I knew the only way to break the bad cycle I’d slipped into was to get myself more organized. As the initial “newborn fog” lifted at about 8 weeks postpartum I finally felt ready for more planning and structure to our food again. I put a few things in place to help me conquer the early morning munchies. First I set up our little four cup coffee maker in our master suite. That way I could get that important first cup of coffee to kick start my day before I had to cope with the demands of our preschoolers. After the 6am (or thereabouts) nursing I could enjoy a mug of hot black coffee in bed along with my devotional time and my sleeping baby lying beside me in bed. Then I decided I really needed to make sure I never ran out of skinny chocolate in the freezer ready to eat. Right now I’ve been enjoying it with whey protein powder and salted peanuts. This let me have a quick snack that was on plan while getting the boys their first breakfast. (They always start the day with a banana and a cup of milk while they wait for me to make the real breakfast.) Then I finally tried the Muffin in a Mug recipes.

Cinnamon Muffin in a Mug
I had avoided Muffin in a Mug until this point because we don’t use the microwave for cooking. We do have a microwave as part of our fitted kitchen, but we use it to store baking trays and cake pans. Neither Rob nor I like the idea of microwaved food, but it was the perfect size for my baking trays. Since it was mentioned in the book that 2 smaller muffins could be made from the recipe, and Serene had mentioned baking them in the oven instead of the microwave I decided to try the oven method. Since I have 6 muffin sized trays I started with tripling the ingredients and using paper cupcake cases in the muffin tray. I made the cinnamon version first, then next time I made the chocolate version. I also made the cream cheese frosting with Greek yogurt for a nice tangy topping. Now I had a quick and easy muffin that was perfect for a quick breakfast instead of toast. I could freeze the muffins ready frosted in pairs. Then when I had a morning where I couldn’t wait long for breakfast I could take 2 muffins out of the freezer and they would be ready to eat by the time the big pot of coffee was ready. No more off plan toast for this Trim Healthy Mama.

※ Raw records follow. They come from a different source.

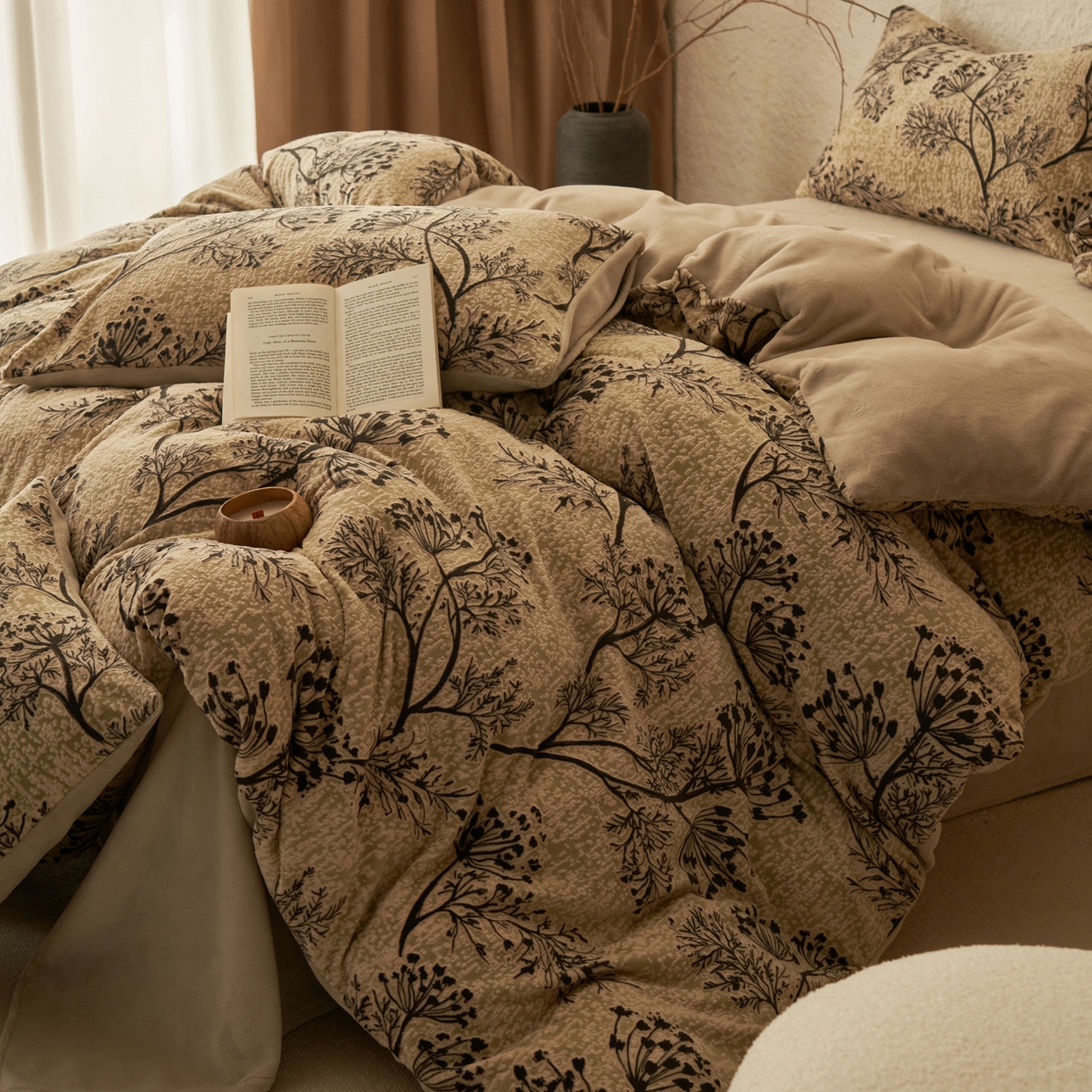 91家纺网 家纺一手货源 找家纺 寐绸家纺 2025秋冬新款230g中古风牛奶绒雕花四件套 中古-如意-米灰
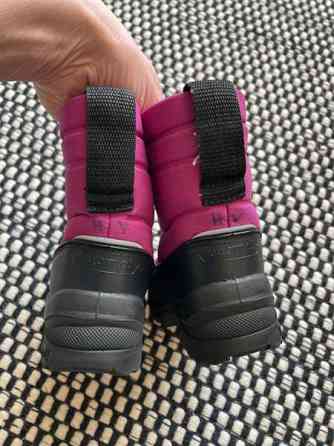 Pinkit  21 siistit Kuomat / kuoma talvikengät / talvisaappaat Vantaa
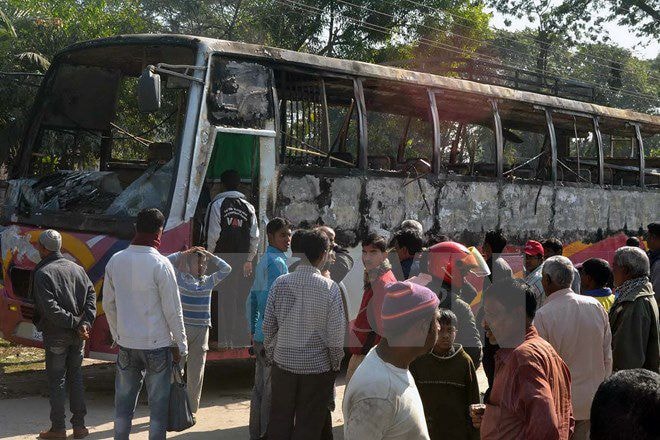  Hiện trường một vụ tấn công bằng bom xăng tại Bangladesh. (Nguồn: AFP/TTXVN)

An added bonus of having Muffin in a Mug always available is now I have something I can feed the boys when they are having a “picky about food” day. They are particularly fond of the chocolate version (like their daddy) and think they are getting a chocolate cupcake. Now if they won’t eat anything else I can feed them a nice healthy muffin that won’t spike their blood sugar and lead them to a sugar crash meltdown. Since there is protein in both the muffin and the frosting I also don’t have to be too concerned that they haven’t eaten anything else that day after their initial banana.

Chocolate Muffin in a Mug
The most exciting part for me is that not only have I not held on to my 10lb first trimester gain for the first time, but I have also lost 27lb of the 30lb I had kept from the previous 3 pregnancies. Only 3lb more to lose and I’ll be back at my “before any pregnancy” weight. Being so close to my first loss goal is definitely motivating me to find more ways to help keep myself on plan. If I can stick to the plan right now when I only have little ones and run around all day with an infant in my arms, then I can stick to the plan no matter what is going on in my life.